9 gennaio 2018

Lavoro: risarcimento per il silenzio sul “beneficio amianto”

Cassazione Lavoro, sentenza pubblicata l’8 gennaio 2018

Autore: PAOLA MAURO

È tenuta a risarcire i lavoratori, la società che non ha fornito informazioni sul cd. “beneficio amianto” al momento della cessazione dei rapporti, anche laddove il superamento delle soglie di esposizione è stato accertato successivamente dall’INAIL.

Lo ha stabilito la Sezione Lavoro della Corte di Cassazione con la sentenza n. 216/18, relativa ad alcuni lavoratori che hanno stipulato con l’azienda convenuta contratti di transazione per il prepensionamento.

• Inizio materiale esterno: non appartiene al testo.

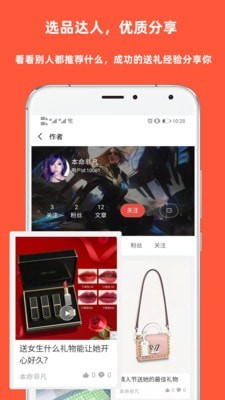 送什么好最新版软件截图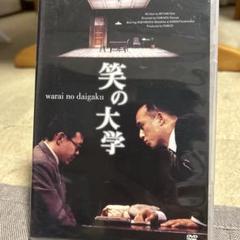 舞台版　笑の大学　DVD Amazon.co.jp: 笑の大学 舞台版 : DVD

I lavoratori in questione hanno visto accogliere prima dal Tribunale e poi dalla Corte d’Appello la loro domanda di risarcimento del danno patrimoniale basata sul comportamento negligente della società datrice di lavoro riguardo alla sussistenza dei requisiti per il riconoscimento dei benefici contributivi connessi all’esposizione all’amianto.

I Giudici di merito hanno ravvisato la responsabilità contrattuale della società, sia per non avere adottato misure idonee a evitare il fenomeno dell'inquinamento da amianto, pur avendo avuto consapevolezza del relativo rischio da contaminazione, sia per avere omesso di informare i dipendenti, che si apprestavano all'esodo, della possibilità di fruire del cd. “beneficio amianto”.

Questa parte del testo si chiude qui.